Upon arriving into San Francisco, I checked my answering machine and listened to a message from a mother who said her toddler-aged son suddenly broke out in a red itchy rash after swimming today. I left a message advising that she give him some Benadryl. Hours later she called me back to tell me that she figured out that he was on the tail end of a course of Amoxicillin and that his sister had had the exact same kind of reaction to Amoxicillin, too. His rash cleared up instantly with Benadryl, and she was appreciative that I had called to find out how he was doing.

While I was leaving the Borders bookstore in Union Square, a patient called to let me know that she had spoken to her psychiatrist because her antidepressants wasn't working very well so far and that he adjusted her dose. I thanked her for keeping me informed and for being conscientious in taking her medicines daily, since up until now, she had never been willing to be compliant with her medications.

The one person I wasn't able to help was someone who would've been a new patient. In his staticky phone message, he said he had a bad sore throat, which may have explained why I wasn't able to hear his callback phone number clearly. After several attempts at a few different number combinations, I had to give up. Finally, I cleverly called the person who he said had referred me to him and managed to reach his father who told me that his son had gone to the local urgent care to get treatment, which was probably the best thing he could've done.

In between all this, I managed to drive a lot, enjoy 3 meals with my family, check into our hotel room, get a new Hello Kitty necktie and buy a lot of books.

Coincidentally, today another solo physican wrote about her current vacation on the Practice Improvement Listserve, so I thought I'd share another perspective on vacationing while living "la vida solo":

Greetings to all you hardworking Family Docs from the sunny waves of Key West:

I am just finishing up my first week of vacation in a little over a year, and I want to:
A) Thank all of you (especially Gordon for pointing out this path) for all the advice and suggestions that have added up to making this trip possible; and
B) Confirm that it *is* possible to practice solo and still have a life.

I am by no means making anywhere near the income that I expected when I went into medicine, but taking this week off is not going to break me, especially because I am not paying for staff to run an office that I am not in. By using the technology that I have been putting in place over the past 2 1/2 years, I am able to be here, enjoying myself 23 hours of the day, and have been able to respond to patient needs that can't wait the other hour each day (right before Happy Hour!)

I have been able to record a message on the office phone that says 'I'm away but if you need me I'll call you back'; it also gives the name of another solo doc in town who will see them if it really can't wait-but no one has used that option; I check the messages, and also the faxes, and return all the calls; I schedule appointments for after I get back, and I phone or fax short term refills for the folks who already ran out of their meds, or will before I get back.

I have prevented three ER visits by reassuring anxious people that the symptoms they describe do not sound life threatening (like the guy who had a radical prostatectomy last week, then got readmitted for pneumonia, but called me because he can't sleep and thought Levaquin was causing insomnia--he thought maybe he needed to go the ER to get the levaquin changed to something else. After talking a few minutes about the stess of a life threatening cancer diagnosis, a major surgery, a complication of hospital acquired pnuemonia...no wonder he's feeling scared and having trouble sleeping! He's going to try a few behavioral modifications and a little Tylenol pm and call me again if things worsen.)

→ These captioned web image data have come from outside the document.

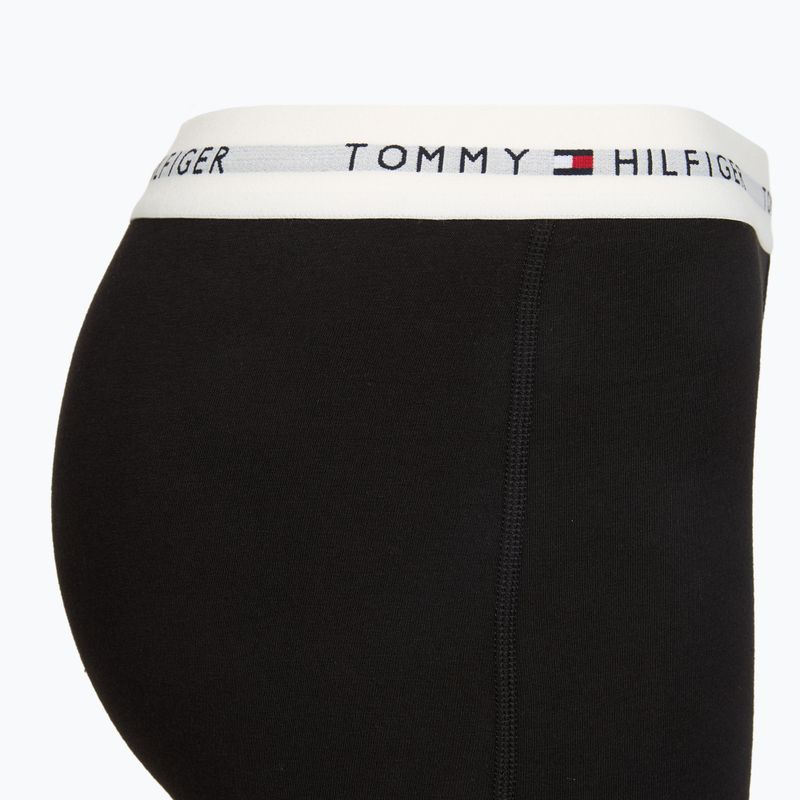 Herrenboxershorts Tommy Hilfiger Trunk WB 3 pack nb//opu blu/orna green/ivory silk 6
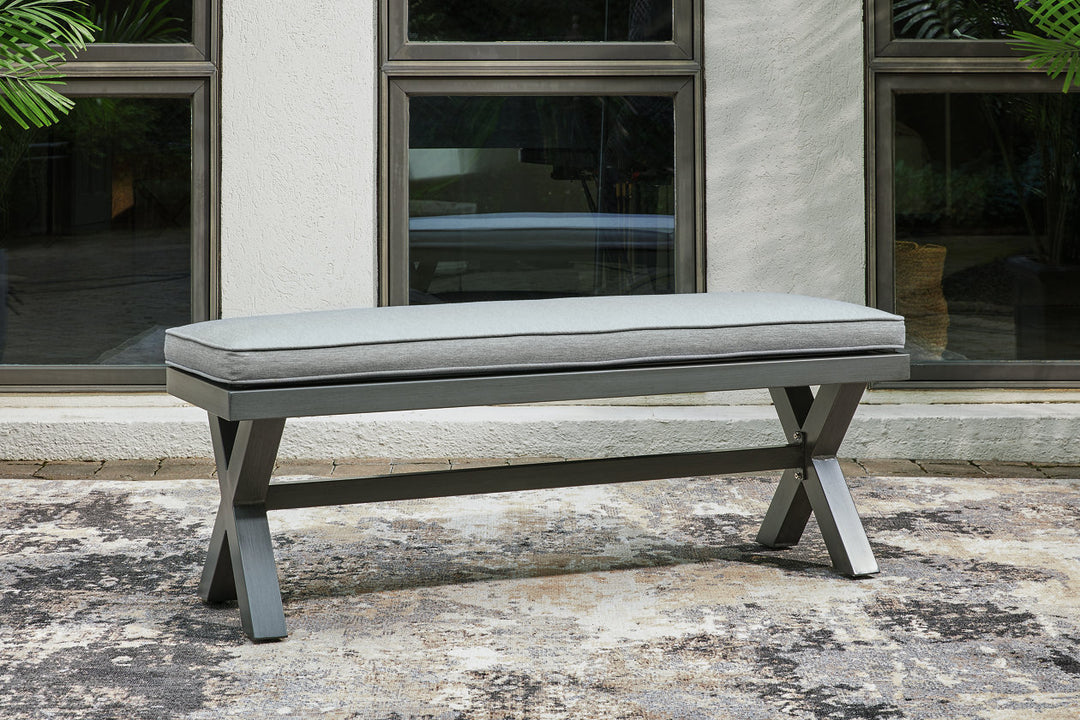 Elite Park Outdoor Bench with Cushion (P518-600)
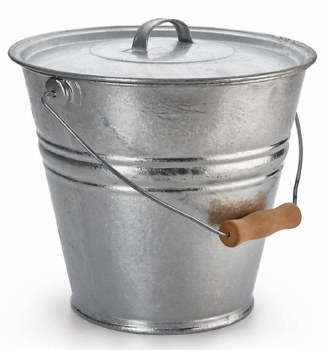 Ash Bucket With Lid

I have fielded about 6 calls and 8 faxes each day, and have had to spend $8/hr for highspeed access. Of course the services I am providing will not generate any income, but that's the trade off. If I were home, I would require an office visit for refills or acute problems. Patients can't very well just run down here to see me, so I have provided "telecare" that I would not ordinarily do. Everyone has been extremely pleased that I called them from my vacation, and all have limited the length of calls and number of issues they wanted to address. It seems like a reasonable compromise for now, but someday I hope to make those services pay a little.

Anyway, I am here and grateful for the chance to relax. I wish the same for all of you! Thanks again.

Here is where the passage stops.